Web page caption snippets
----
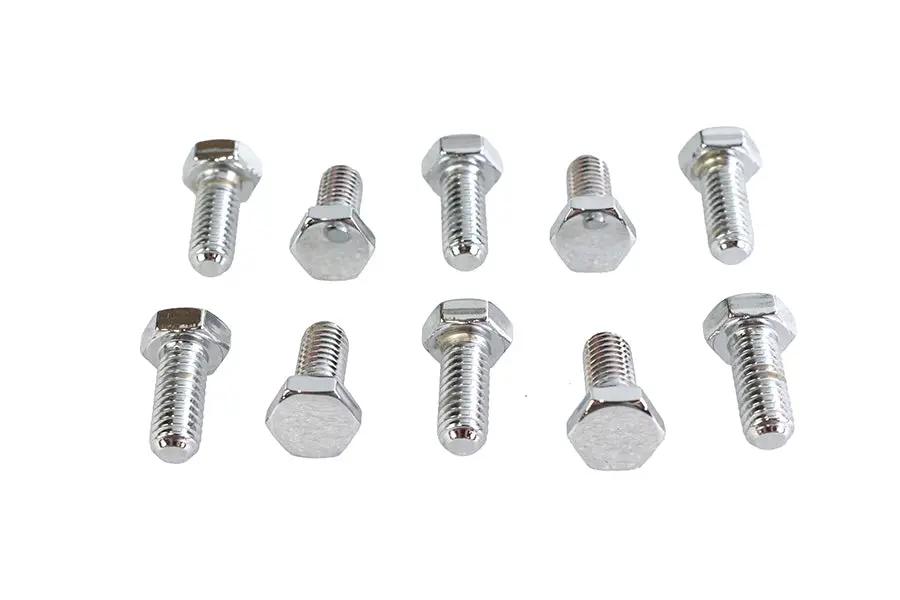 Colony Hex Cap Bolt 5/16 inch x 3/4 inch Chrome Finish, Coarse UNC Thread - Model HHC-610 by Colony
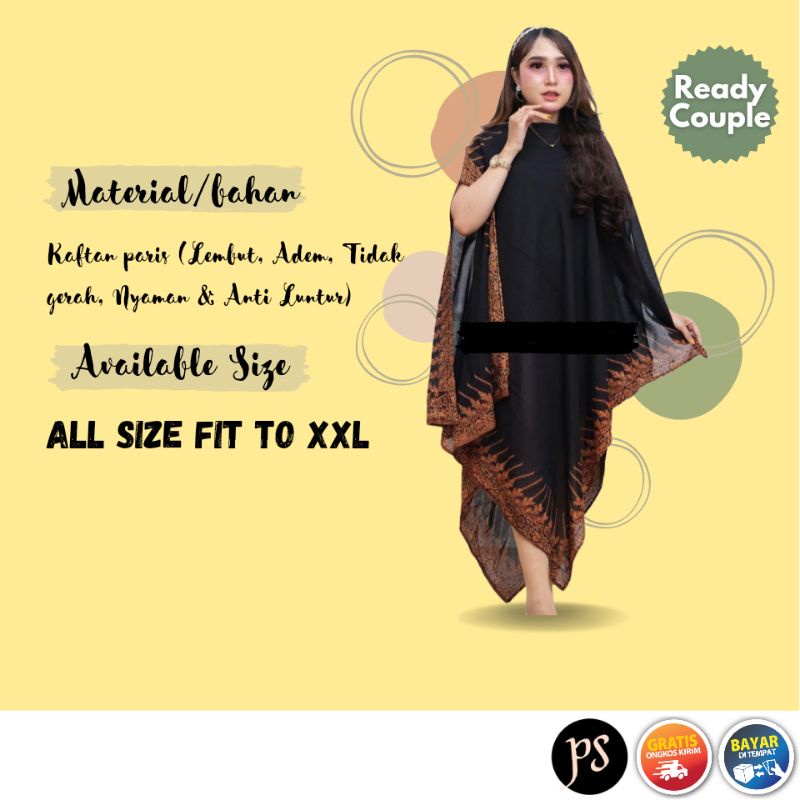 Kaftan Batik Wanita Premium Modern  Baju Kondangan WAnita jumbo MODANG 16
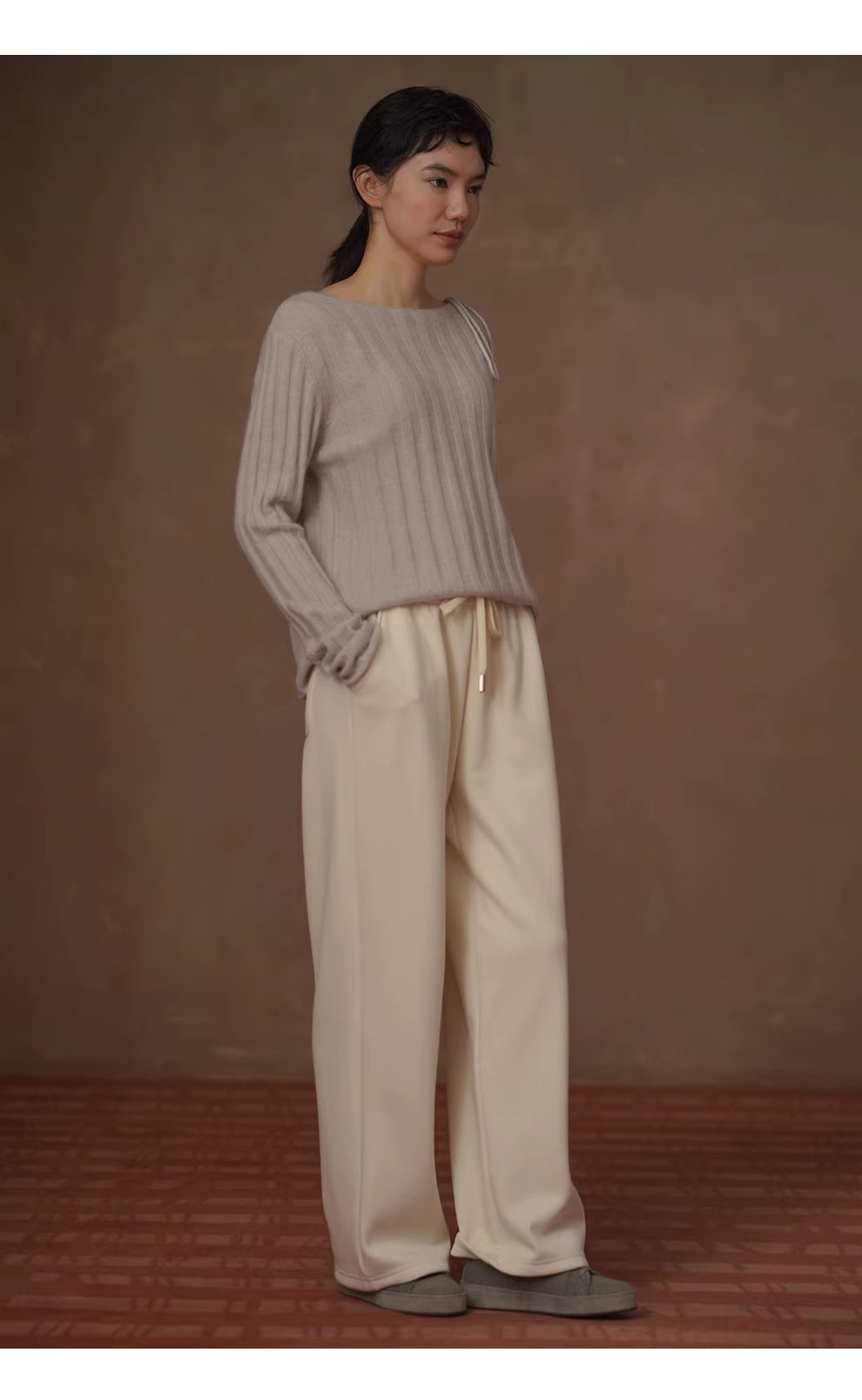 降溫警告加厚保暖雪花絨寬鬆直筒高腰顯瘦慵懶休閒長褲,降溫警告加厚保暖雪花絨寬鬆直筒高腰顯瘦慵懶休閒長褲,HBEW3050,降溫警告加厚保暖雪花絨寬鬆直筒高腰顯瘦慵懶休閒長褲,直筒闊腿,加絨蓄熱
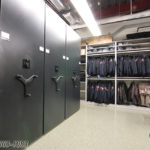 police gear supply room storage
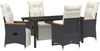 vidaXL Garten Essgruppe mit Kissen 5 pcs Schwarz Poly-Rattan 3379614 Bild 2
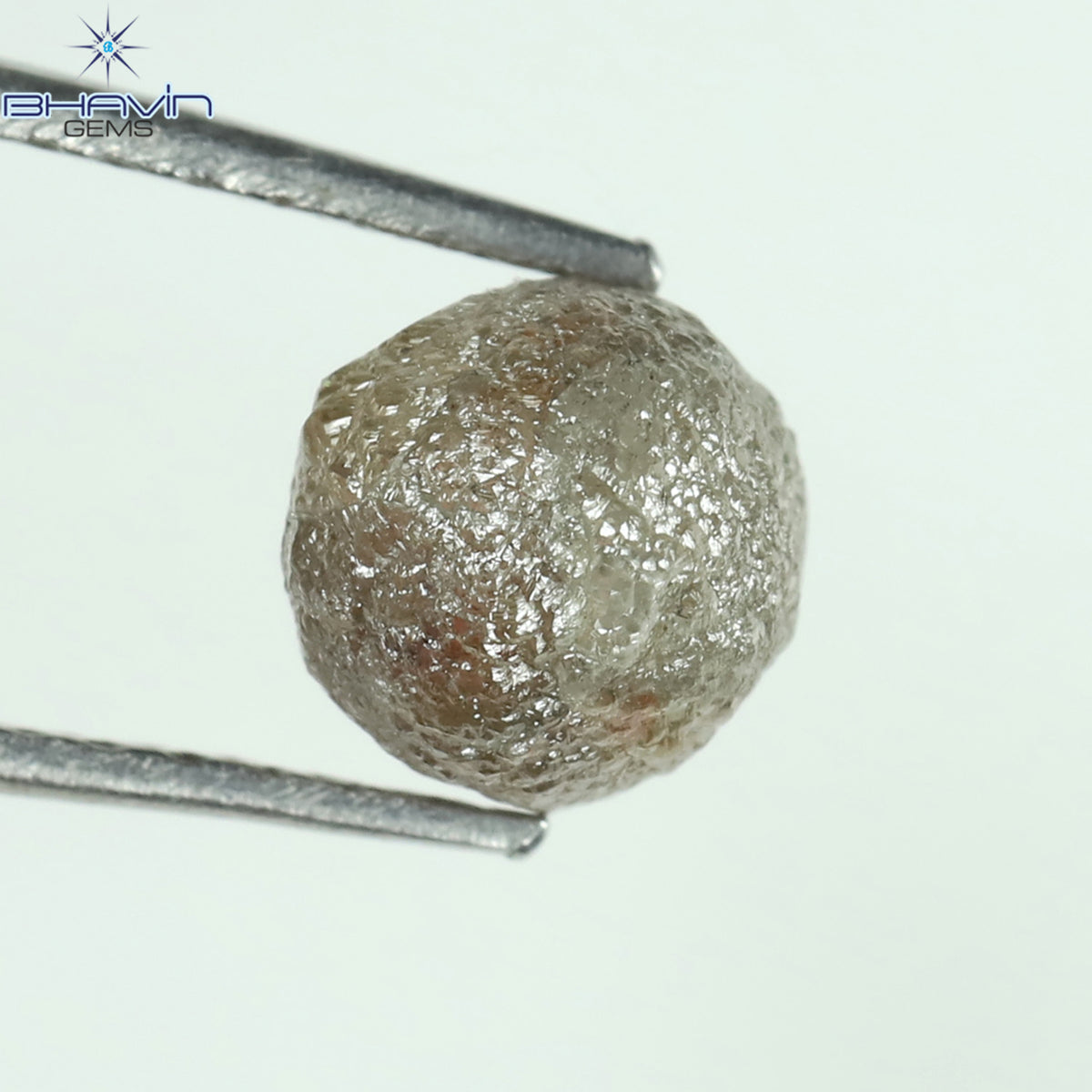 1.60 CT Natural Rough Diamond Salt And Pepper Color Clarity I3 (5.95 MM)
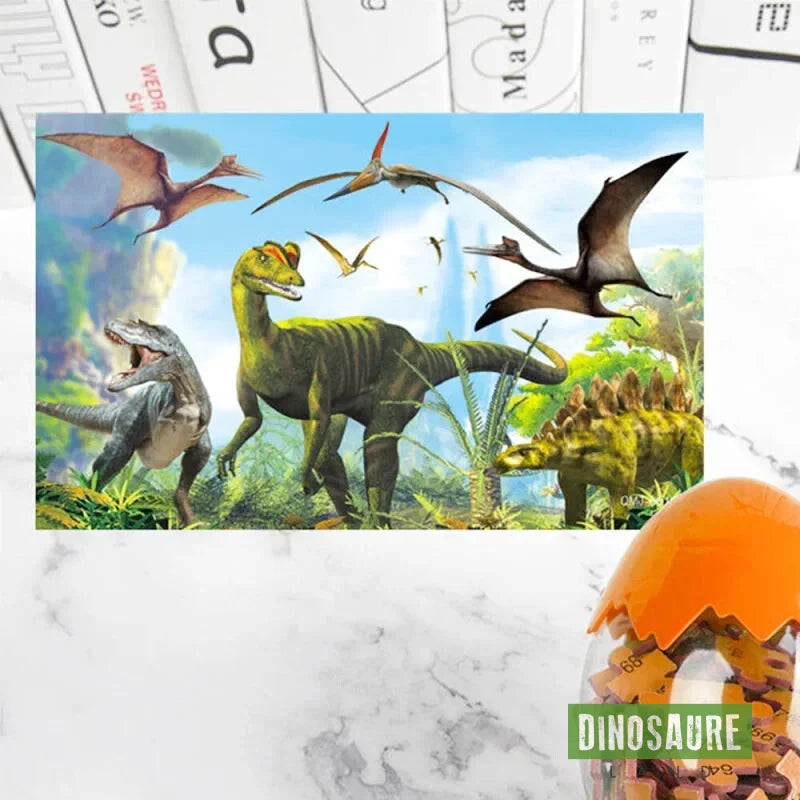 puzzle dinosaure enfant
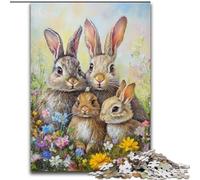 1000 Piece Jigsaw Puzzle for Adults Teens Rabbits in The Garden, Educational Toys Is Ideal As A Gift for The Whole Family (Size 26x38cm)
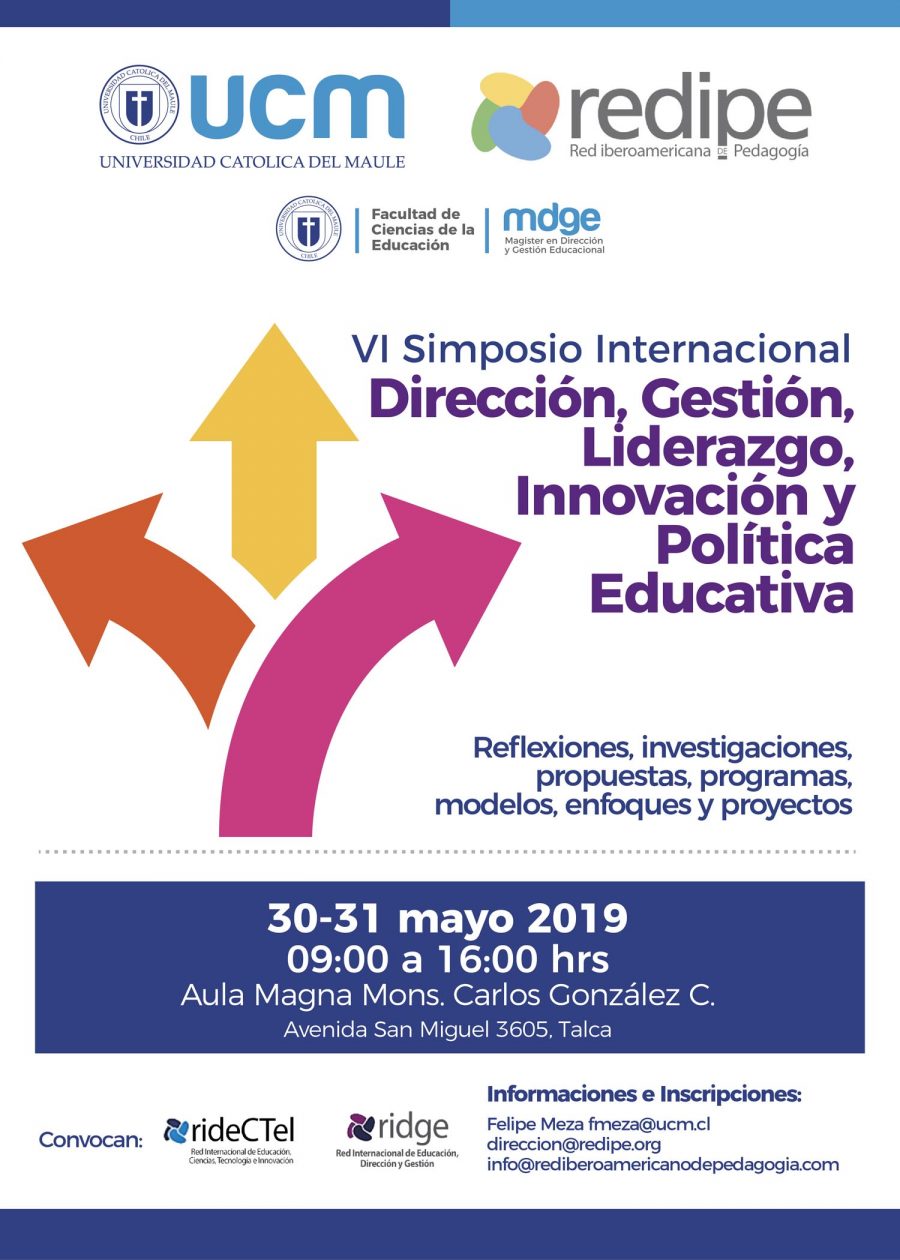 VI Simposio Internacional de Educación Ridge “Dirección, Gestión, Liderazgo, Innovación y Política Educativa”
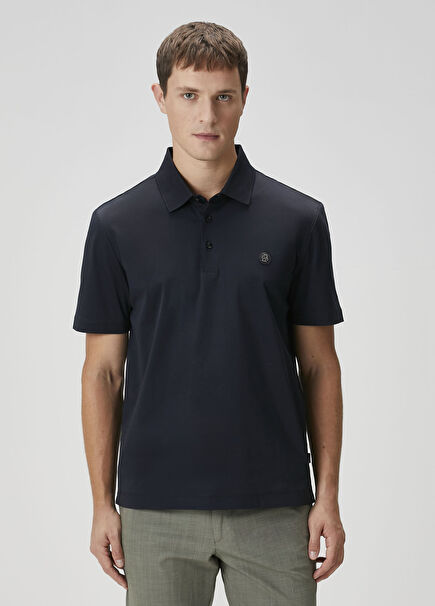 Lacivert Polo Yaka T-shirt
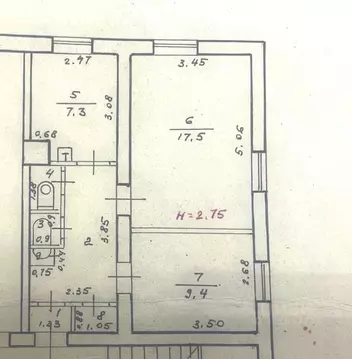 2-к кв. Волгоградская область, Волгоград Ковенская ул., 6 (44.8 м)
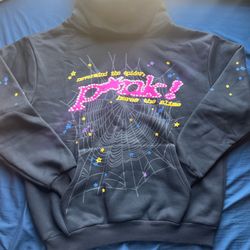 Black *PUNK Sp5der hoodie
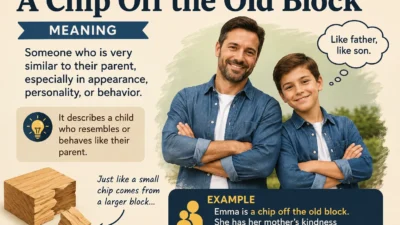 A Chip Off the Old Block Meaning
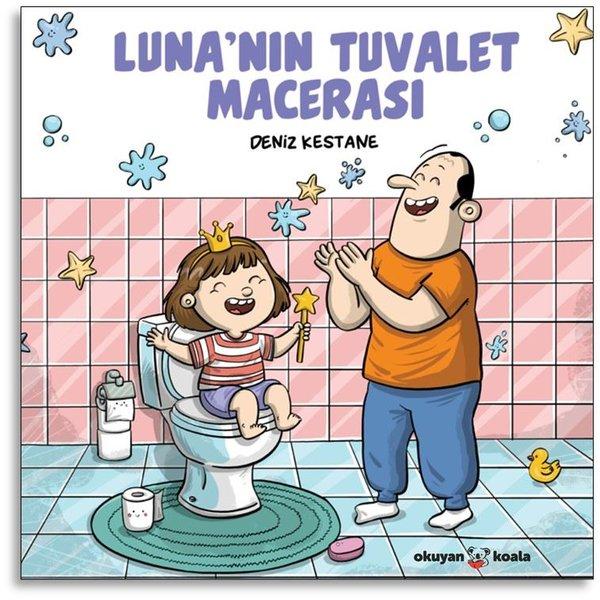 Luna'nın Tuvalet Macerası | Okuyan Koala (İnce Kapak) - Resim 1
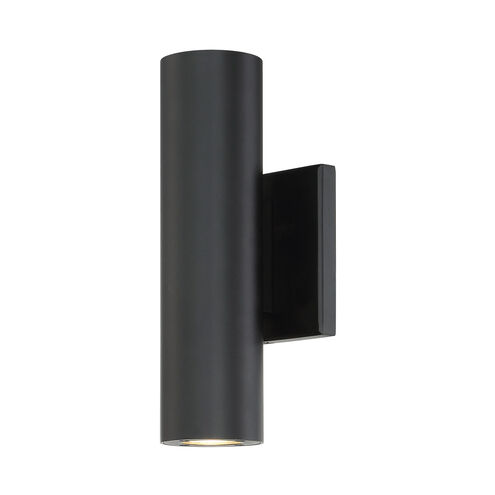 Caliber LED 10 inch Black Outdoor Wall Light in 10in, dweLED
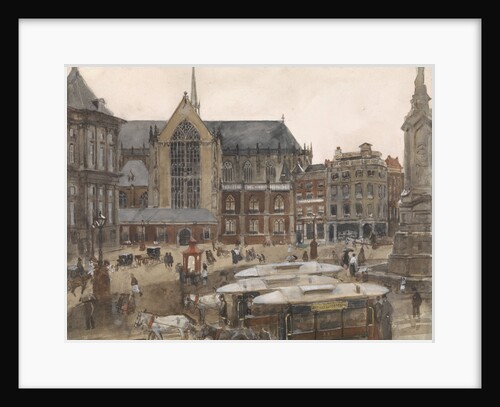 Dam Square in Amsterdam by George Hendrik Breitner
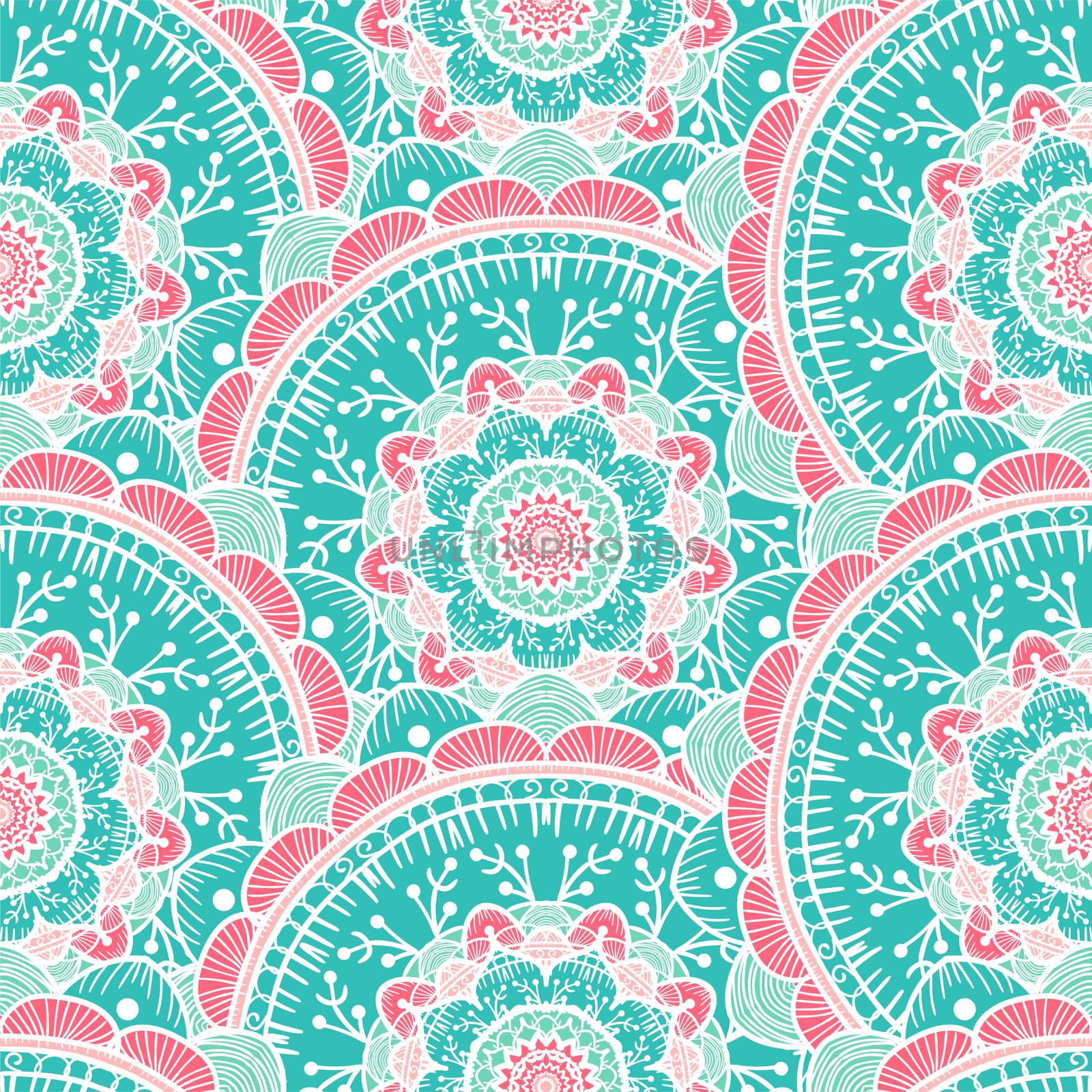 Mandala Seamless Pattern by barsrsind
----
→ EXERCISE
Exactly the lines from the one holding "1000 Piece Jigsaw" to the last line of the records above should be duplicated, with no pictures among them.

→ RESPONSE TO THIS EXERCISE
 1000 Piece Jigsaw Puzzle for Adults Teens Rabbits in The Garden, Educational Toys Is Ideal As A Gift for The Whole Family (Size 26x38cm)
 VI Simposio Internacional de Educación Ridge “Dirección, Gestión, Liderazgo, Innovación y Política Educativa”
 Lacivert Polo Yaka T-shirt
 2-к кв. Волгоградская область, Волгоград Ковенская ул., 6 (44.8 м)
 Black *PUNK Sp5der hoodie
 A Chip Off the Old Block Meaning
 Luna'nın Tuvalet Macerası | Okuyan Koala (İnce Kapak) - Resim 1
 Caliber LED 10 inch Black Outdoor Wall Light in 10in, dweLED
 Dam Square in Amsterdam by George Hendrik Breitner
 Mandala Seamless Pattern by barsrsind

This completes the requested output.